Here's my problem with it. Let's say that the government decides it's going to paint every house in Britain red. It could gather lots of wonks and experts together to chew over the best way to go about it. It could carry out surveys to find which shade of red the public liked best. It could conduct impact assessments. It could commission economic research to ascertain what would be the most efficient way of painting all the houses. Should it use crimson? Should it use brushes or rollers? Should it use scaffolding or ladders? Which type of paint would be most durable? Would it be better to do the work in winter or summer?
All of these questions could have empirically sound answers. Those answers could be published in peer-reviewed journals. It might transpire that it would be best to work North to South starting in April using rollers and a colour known as Dusky Rouge. The work would be outsourced to private companies.
This programme would clearly be evidence-based. Countless conferences, numerous studies and thousands of experts would have been consulted to discover the most efficacious way of painting the entire British housing stock red. If, after all this, you expressed the view that the job would be better done using paint-brushes and Salsa Red, you would be shown a ream of data showing that you were wrong. You might even be labelled a denier.
But what if you don't want to have your house painted? Even if you did want your house painted, perhaps you'd rather do it yourself than have the government do it for you. And even if the majority of Britons preferred Dusky Rouge, maybe you prefer Salsa Red or, god forbid, a shade of blue or green?

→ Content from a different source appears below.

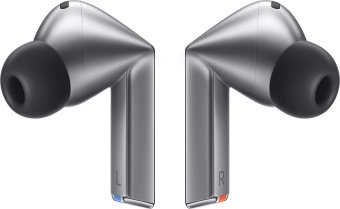 Гарнитура внутриканальные Samsung Galaxy Buds 3 Pro серебристый беспроводные bluetooth в ушной раковине (SM-R630NZAACIS) от магазина РЭССИ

In short, the evidence base has not got us any closer to proving that the state should be painting people's houses, it has only shown the government how to do it.
This is the problem with much of what passes for evidence-based policy. It bypasses the question of why by focusing on the question of how. The fundamental question of whether the state should be doing it in the first place is never seriously scrutinised.
Take the issue of minimum unit pricing, for example. This is a classic example of reformers insisting that they have strong—nay, 'overwhelming'—evidence that makes it imperative for the state to act. As it happens, the Sheffield model which forms the evidence base in this instance is a mass of dubious conjecture and optimistic guesses, but the soundness of the data is not the point here. It is not unreasonable to assume, all other things being equal, that higher prices will reduce consumption somewhat so let's forget about the unintended consequences for a moment and suppose that a 50p unit price will reduce alcohol consumption by two per cent.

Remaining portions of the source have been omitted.